By the offer of this facility, the user can visually and simply confirm the currently set auxiliary dictionary and other items, and this is user-friendly and convenient.

Incidentally, the means of notification is not limited to the one described above. For example, a number or an icon representing the auxiliary dictionary may be used. By this method, in a cellular phone whose display screen is relatively small, the display area can be used effectively.

And the above description related to the setting of auxiliary dictionaries. However, it is obviously possible to offer the facility of informing the user what is the currently set as the main dictionary.
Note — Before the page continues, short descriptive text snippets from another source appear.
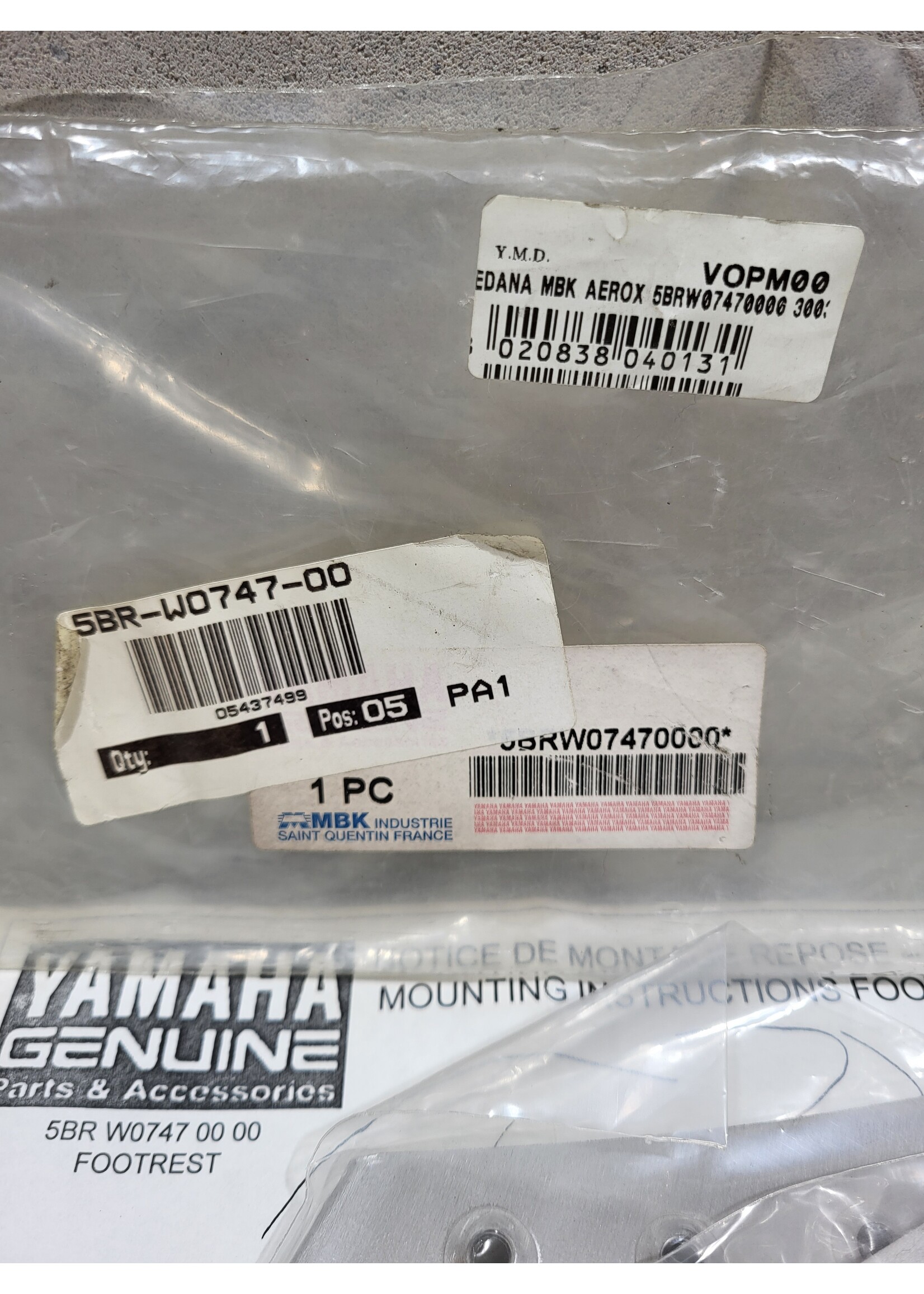 Yamaha Yamaha Aerox 5BRW074700 / Aluminium Voetplaat Duo Compleet org.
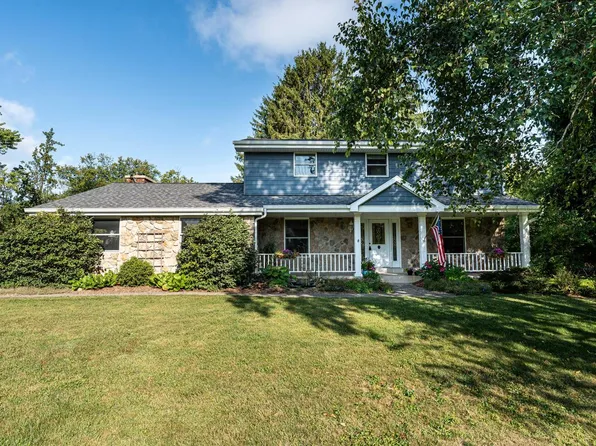 9130 Edge O Woods DRIVE, Cedarburg, WI 53012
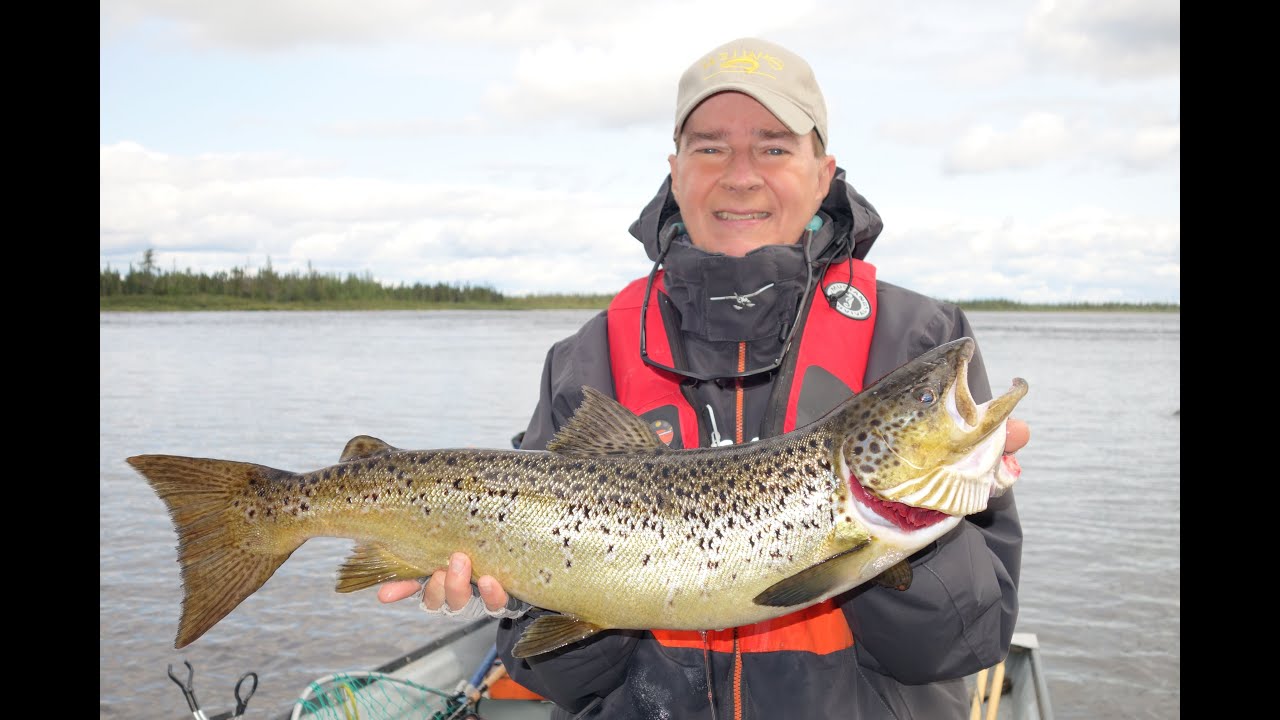 PASSION PLEIN AIR,  LA FAMEUSE RIVIÈRE CANIAPISCAU  AU CLUB CHAMBEAUX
Furthermore, it is possible to realize various functions described above in the form of software programs, and the user can receive the software programs through a machine-readable media from a server of a information provider or any other data device via a data network. The machine-readable media includes, for example, a floppy disk, a flexible disk, hard disk, magnetic disk, magnetic tape, any other magnetic medium, a CD-ROM, DVD, any other optical medium, a RAM, a PROM, and EPROM, a FLASH-EPROM, any other memory chip or cartridge, a carrier wave transporting data or instructions. In this way, it will be easy to mount only necessary functions, or add or delete or renew various functions depending on the preference of the user.

In addition, it is obviously possible to combine the modes of carrying out described above to constitute a new mode or modes of carrying out.

And the present invention is not limited to the modes of carrying out described, and the principles and the new characteristics disclosed herein include a wide scope of arts.

Claims

1. An information processing apparatus comprising:

a camera which outputs picture information of an object;

a display which displays a image using the picture information output from the camera; and

an input unit which allows a user to select one mode of the camera from a plurality of modes including an ordinary image-taking mode to take a picture as an ordinary camera function and a recognition mode to recognize a character included in a picture information output by the camera;

wherein the camera is positioned to make a displayed image of the object substantially consistent with a view of the object by a user.

2. The information processing apparatus according toclaim 1, wherein the camera is disposed on a back surface facing away from a surface where the display is disposed, and the camera is located near the point at the intersection of the back surface with a line drawn from the center of the display towards the normal line of the display.

3. The information processing apparatus according toclaim 1, wherein the camera is inclined when the recognition mode is selected.

4. An information processing apparatus comprising:

a camera which outputs picture information;

an input unit which allows a user to select one mode of the camera from a plurality of modes including an ordinary image-taking mode to take a picture as an ordinary camera function and a recognition mode to recognize a character included in a picture information output by the camera; and

a CPU which controls movement of the camera if the recognition mode is selected by the selector and recognizes a string of one or more characters included in picture information output by the camera in response to a character recognition request inputted through operation of the input unit.

5. The information processing apparatus according toclaim 4, wherein the CPU moves the camera so that the camera is inclined, if the recognition mode is selected through operation of the input unit.

6. The information processing apparatus according toclaim 5, wherein the CPU does not incline the camera if the ordinary image-taking mode is selected through operation of the input unit.

7. The information processing apparatus according toclaim 4, further comprising a display which displays a picture,

wherein the CPU processes picture information output by the camera so that at least one part of display location of the picture information is modified and the display displays the processed picture information as a viewfinder in the recognition mode.

8. The information processing apparatus according toclaim 7, wherein the CPU does not process picture information output by the camera so that at least one part of display location of the picture information is modified in the ordinary image-taking mode.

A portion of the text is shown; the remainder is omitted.